In our view, this is a formula conducive to “movement” (including in the case of Ethiopia allegations of fresh military recruitment) but much less to progress on peace.  With all due respect for the bureaucratic limitations under which most Ambassadors serve, it is disheartening to listen to the same formulas day after day, witness the same wrong turns that we stubbornly refuse to abandon even when it is clear enough that we have, simply and collectively, lost our way.  We all know we can do better, but the halls of the UN remain populated by those who are often more skilled at upholding national or organizational interests than human interest.
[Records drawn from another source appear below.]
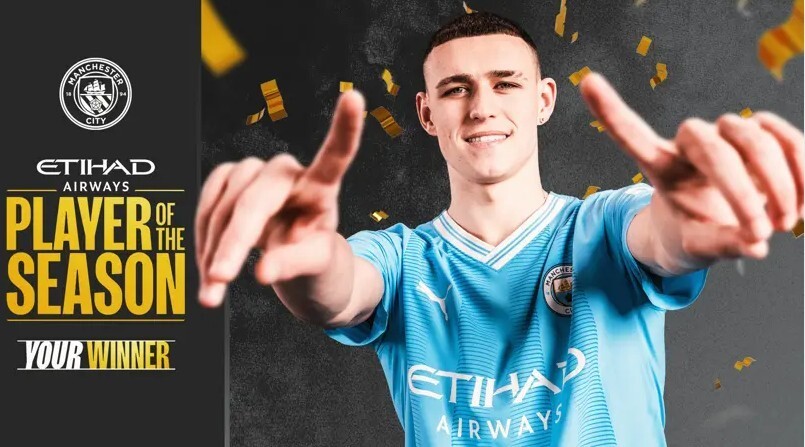 这就是太子!官方:福登当选曼城23-24赛季最佳球员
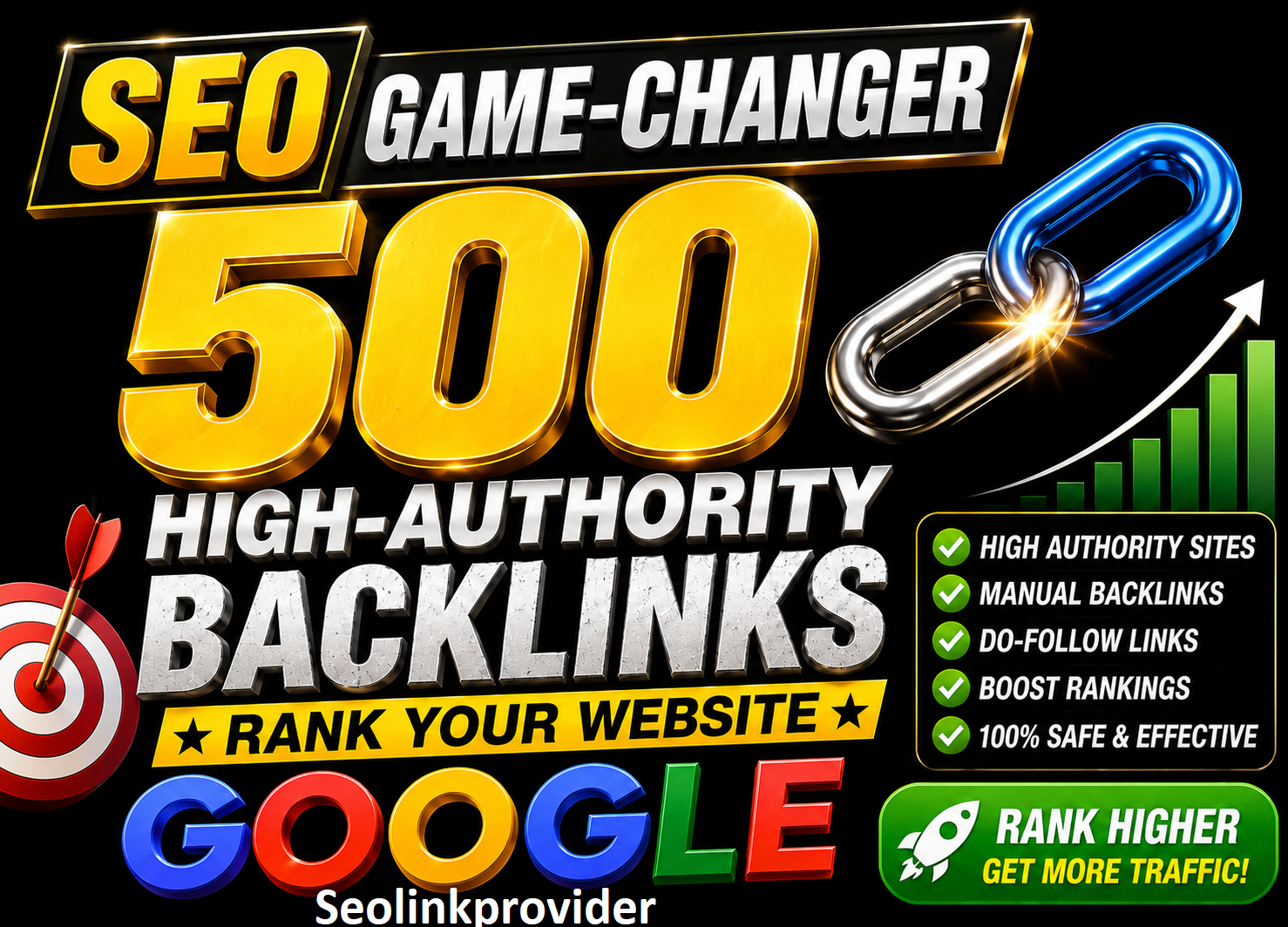 SEO GAME-CHANGER 500 High-Authority Backlinks for Lightning-Fast Success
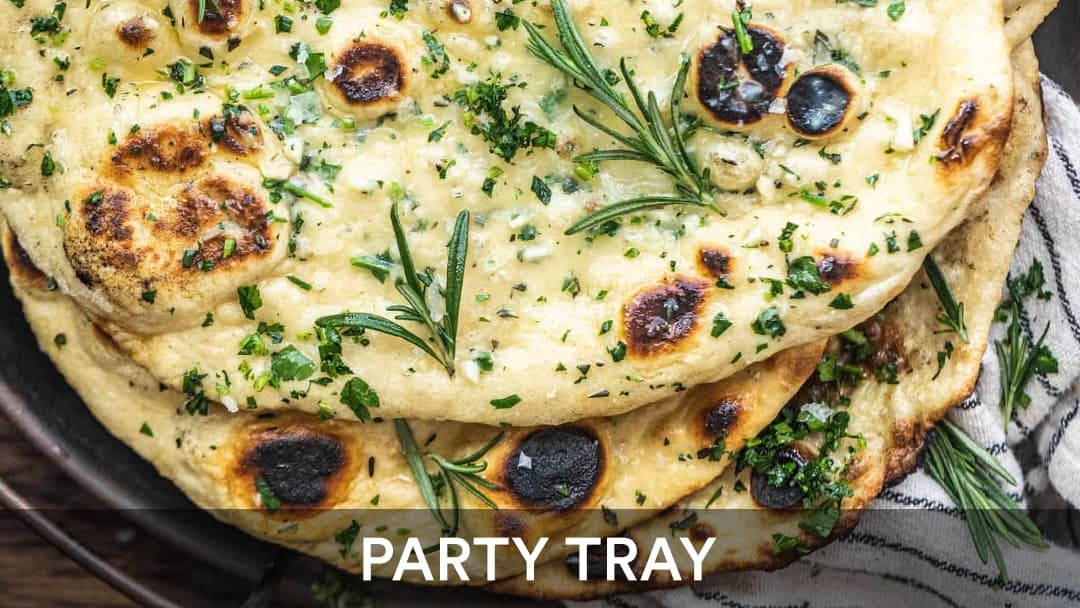Butter Naan Tray, party tray catering selection at India Oven in Roseville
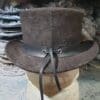 Gothic Skeleton Skull Star Suede Leather Top Hat - Image 11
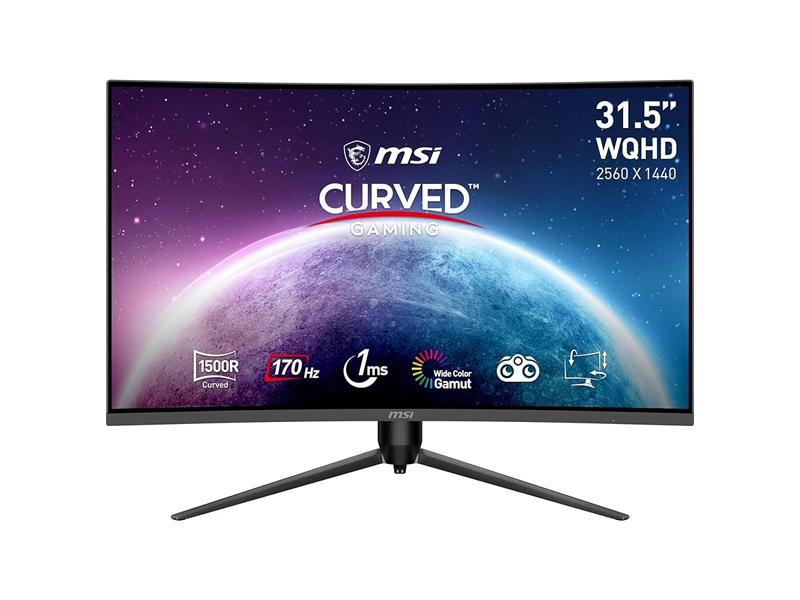 Gaming Monitor G32CQ5P 31.5-inch WQHD (2560x1440), 170Hz VA - (Port: DP, HDMI, Earphone) - 6.7kg MOMSI-16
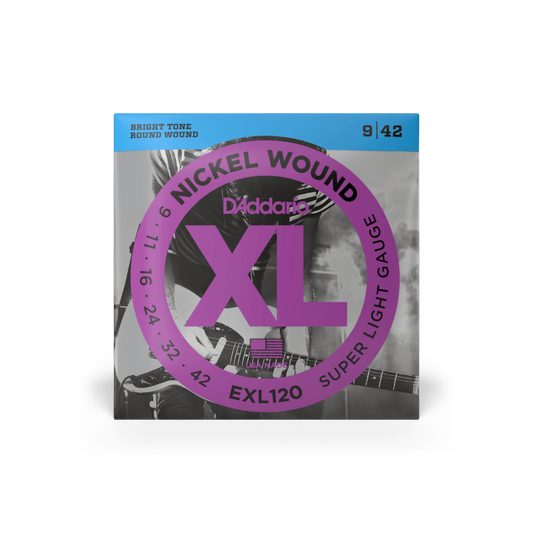 Electric Guitar Strings EXL120 Nickel Wound, Super Light, 09-42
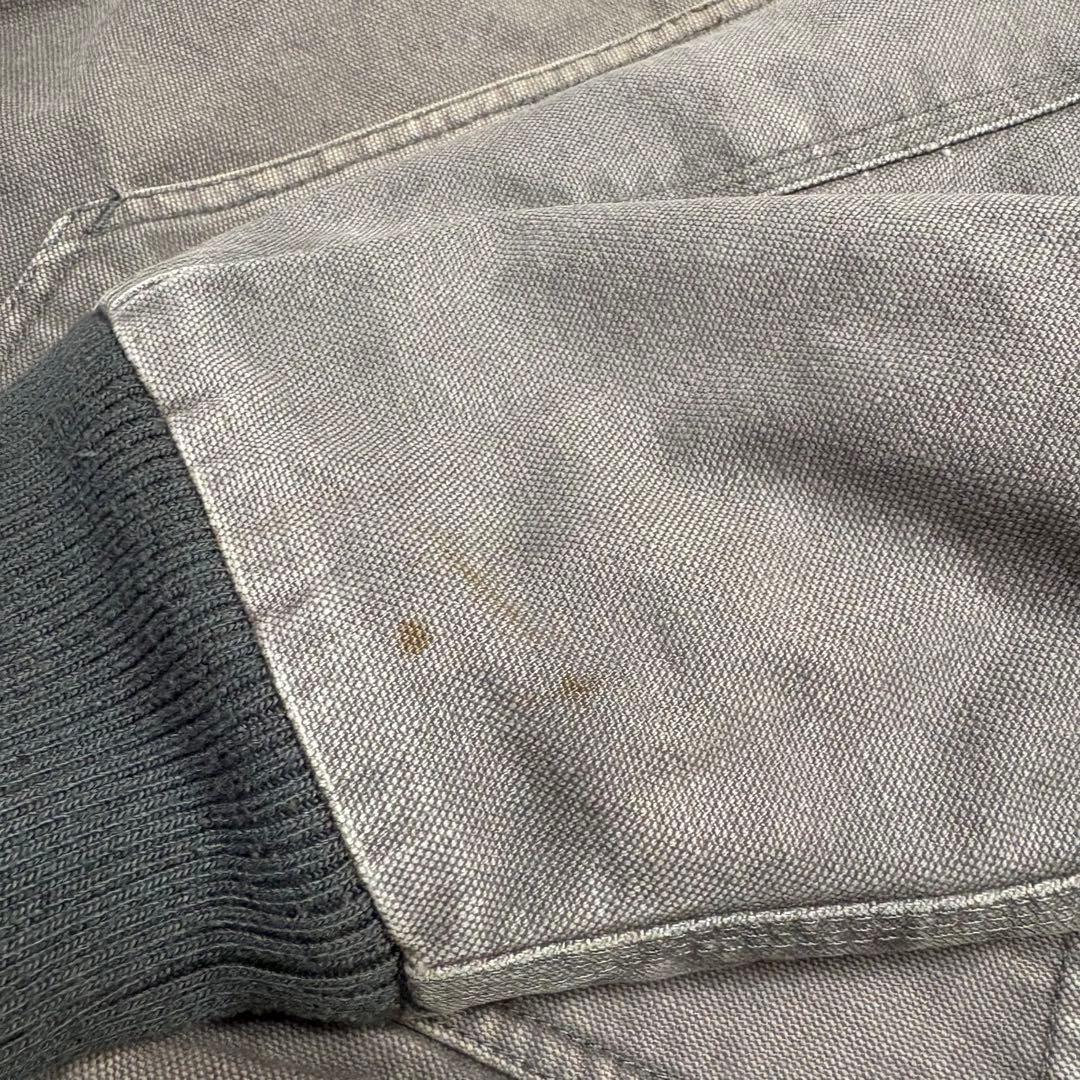 90s Walls ダック地アクティブジャケット グレー肉厚フェード ボアL短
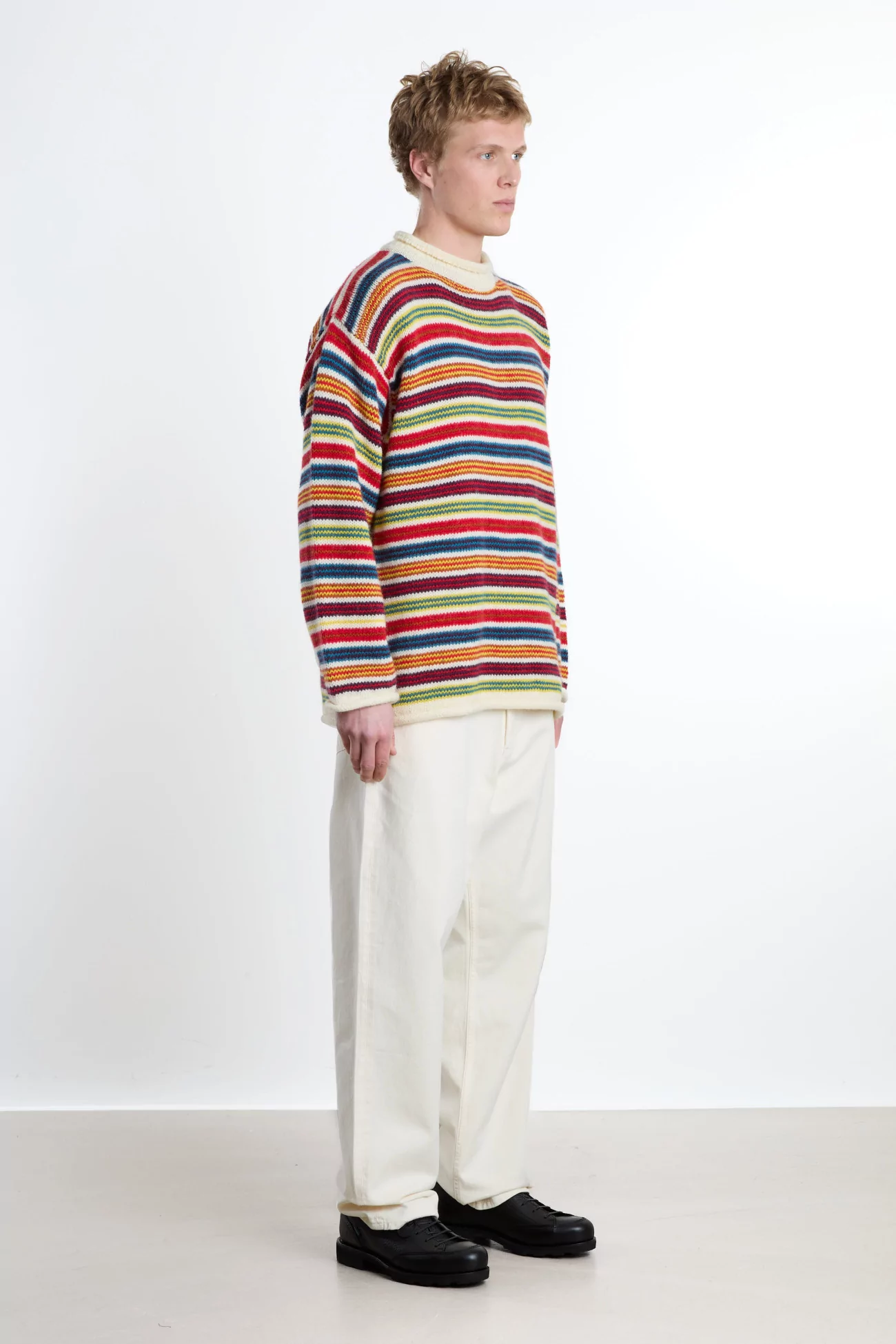 Pool Math Sweater Howlin' Cool In The Pool Wool Sweater – Ecru | Centre Commercial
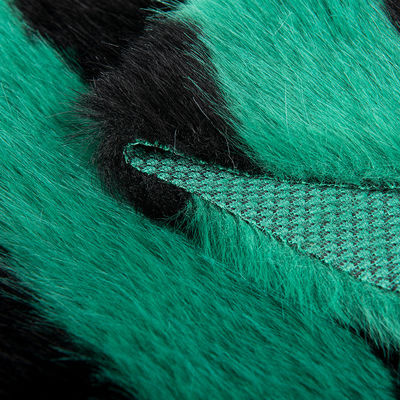 Tejido de piel limpia artificial de jacquard personalizable con material de espalda 100% poliéster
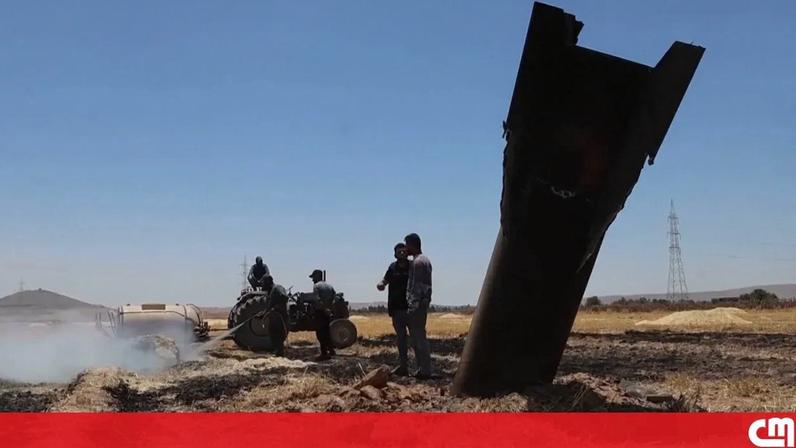 Míssil cai em campo na Síria após noite de ataques e explosões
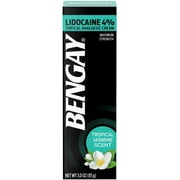 Bengay Pain Relieving Lidocaine Cream Topical Analgesic, Tropical Jasmine Scent 3 oz (Pack of 2)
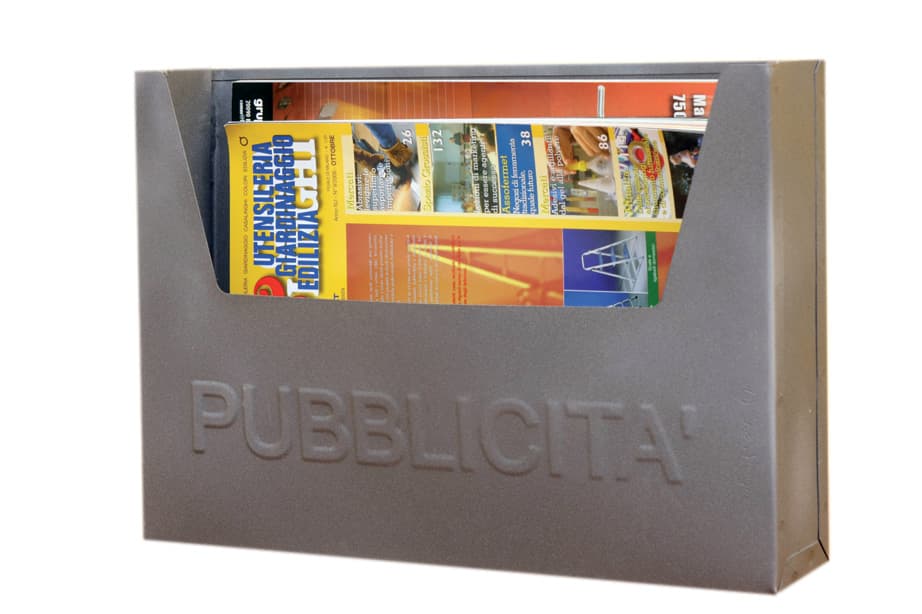 Porta Pubblicita in Lamiera 34 x 7XH24 Cm 4 Pezzi - 2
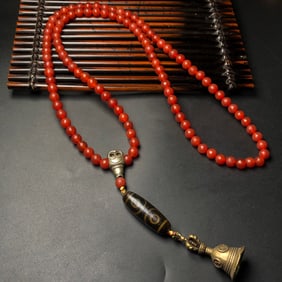 An Exquisite Dzi Bead Necklace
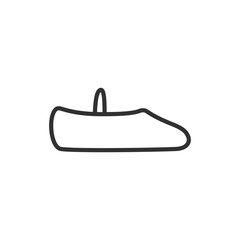 Ballet shoes, linear icon. Line with editable stroke
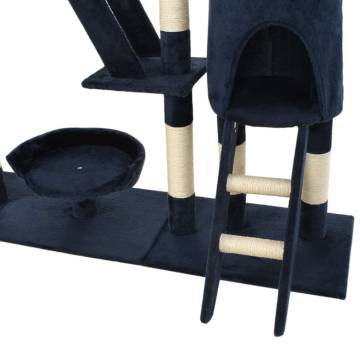 Luxury Cat Tree with Sisal Scratching Posts - Blue 230-250 cm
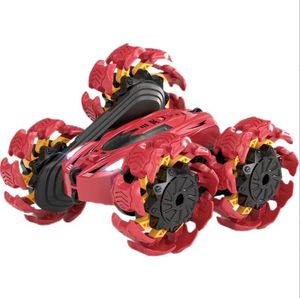 Cross Border Children's dubbelzijdige stuntauto explosief wielgebaardetectie Seting afstandsbediening auto speelgoed drift auto off-road voertuig RC Race Car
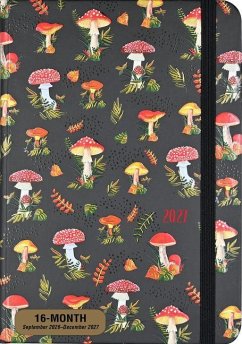 Cover 2027 Mushrooms Weekly Planner (16 Months, Sept 2026 to Dec 2027)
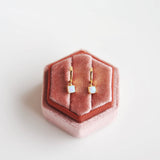 006 ($50) TIFFANY, Square Opal Huggie Hoop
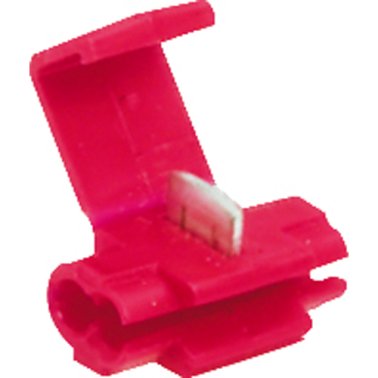 Scotchlok Instant Connector-22-18 AWG Tap18-14 Run AWG Low Voltage Accessories Red (50 per pack)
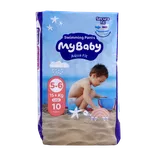 پوشک استخری مای بیبی سایز 5 تا 6 بزرگ 10 عددی | Large Size 5-6 Baby Swimming Pants 10 pcs - My Baby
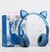 Audifonos Diadema Gato Morados Extra Bass Luces Bluetooth Inalambricos XY-205 - tienda en línea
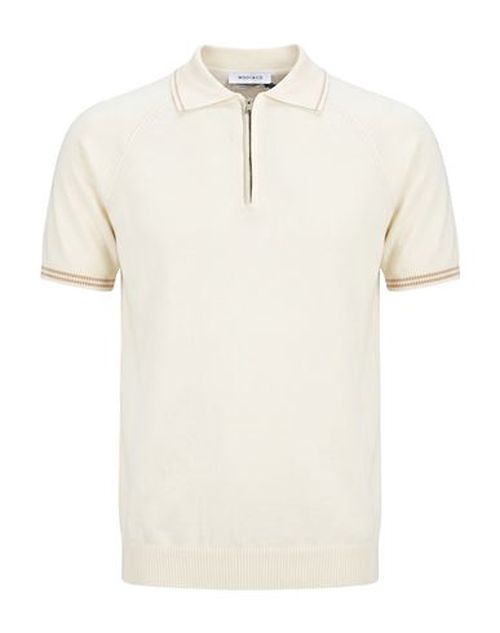 Man Polo shirt Cream Size L Cotton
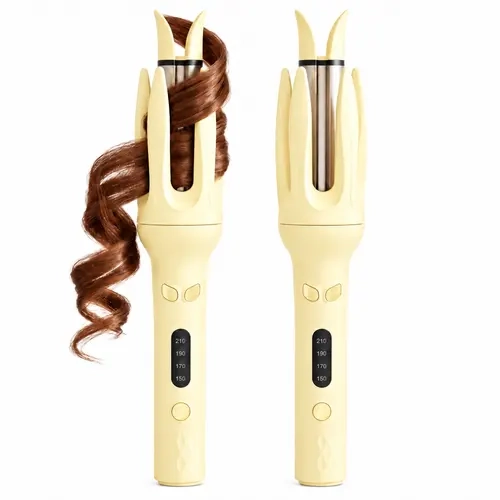 Automatic Curling Iron with 360° Cooling Airflow, Auto Rotating Hair Curler, 5 Temperature Settings, Anti-Scald Ceramic Curling Wand for Bouncy Long Lasting Curls, Easy Hair Styling Tool for Women #AutomaticCurlingIron #HairCurler #GirlyEssentials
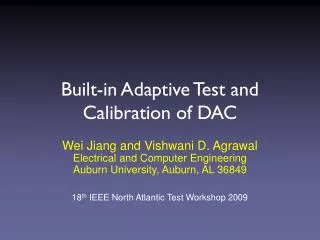 Built-in Adaptive Test and Calibration of DAC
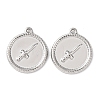 304 Stainless Steel Pendants STAS-P432-01B-P-1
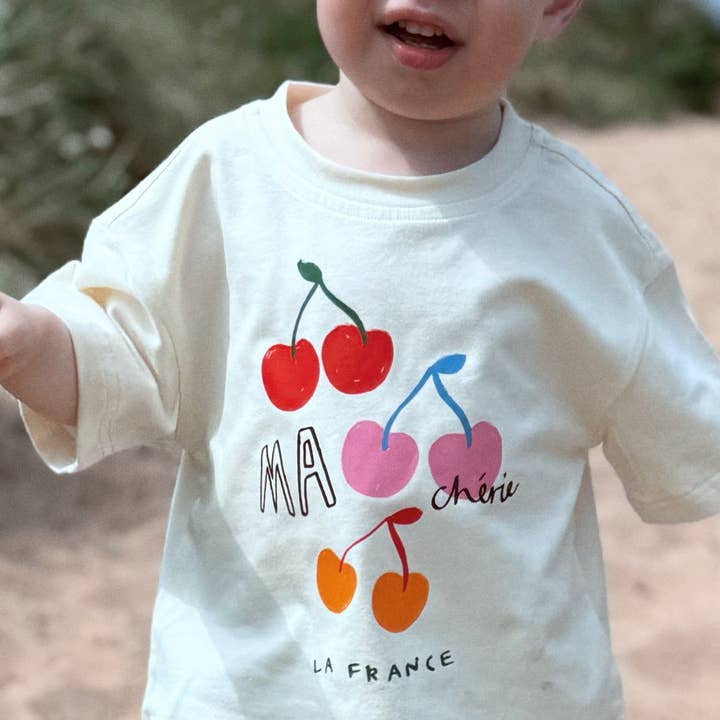 Oversized Children's Graphic T-shirt | Ma Chérie for wholesale by SimplyExtraJordanary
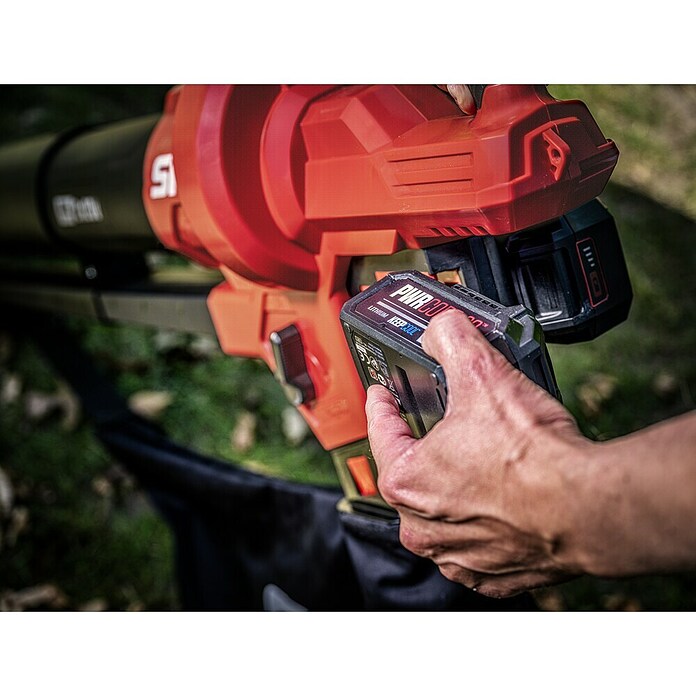 Skil PWRCore 20V Accubladzuiger/-bladblazer + Gratis Accu Compressor (20 V, Excl. accu, Blaasvolume: 720 m³/u, Blaassnelheid: 250 km/u) | BAUHAUS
This can and must change.

This Monday, at the end of India’s presidency, the Security Council will discuss the Israeli-Palestine conflict.  We will watch this discussion unfold in real time, hoping for some fresh thinking, some new options for policy renewal, especially some sense that our collective tolerance of violence and illegal settlements, of intimidation and retribution, of hate speech and even more hateful actions, has finally begun to run its course.

I’ll let you know if any of this happens, but we’re not particularly optimistic. We’re tired.  The diplomats are tired.  The people facing violence in this world are especially tired. And yet they still seek more from us, every one of us, even those of us who are consigned to a role of providing advice that states are under no obligation to consider, let alone accept; of suggesting fresh ideas for pathways for progress that often drown under waves of protocol and consensus; of reminding those who make decisions of some of the uncomfortable truths about our world and those who perpetually suffer within it, persons to whom our policy decisions should offer more tangible, dependable support.

As we take stock of ourselves, and of the institution of which we have long been a part, we confess our own considerable limitations, but also the opportunities presented to think harder and act more decisively, to listen better and share more abundantly. And we’re holding out hope that the cooler breezes of fall will revive and renew; will dispel some of the fatigue and confusion that I, at least, have not been able to manage as effectively as in years past; and that we can all find it within ourselves to do more than merely stay the course, but reverse and redirect that course as needed in greater service to our fractured world.